One of the most original poets of the Safavid era was Mohtasham Kashani. A native of Kashan, he began by writing lyrics and panegyrics. It was characteristic of the Safavid attitude toward secular poets that when Mohtasham sent Shah Tahmasp two eloquent panegyrics, the Shah did not offer him any rewards. Tahmasp, like his successors, believed that poets should only and only extol the holiness of the Shiite Imams. It was probably because of this preference that Mohtasham composed his celebrated Haft Band, a poem of ninety-six distiches written in praise of the Imams. The fact that Mohtasham had to spent part of his time as a silk seller indicates that even his masterpiece of religious verse did not secure him a worthy reward from the king.

 Haft Band opened the door to a host of poems written about the Shiite martyrs, especially Ali and Hussein.
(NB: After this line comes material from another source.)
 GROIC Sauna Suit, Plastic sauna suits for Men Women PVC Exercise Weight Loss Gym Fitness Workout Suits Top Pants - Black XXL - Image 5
None of these approaches Mohtasham's poem in simplicity and directness of expression, in sincerity, and in graphicness. Unhampered by excessive verbal conceits and other rhetorical pyrotechnics, his poetry is at once melodious, evocative, and enriched with striking words and conceits. Though another poem of Mohtasham, an elegy written on the death of his brother, is also famous, it is his Haft Band that is often quoted because it is not only the first but also the best known among the poems written in praise of the Imams.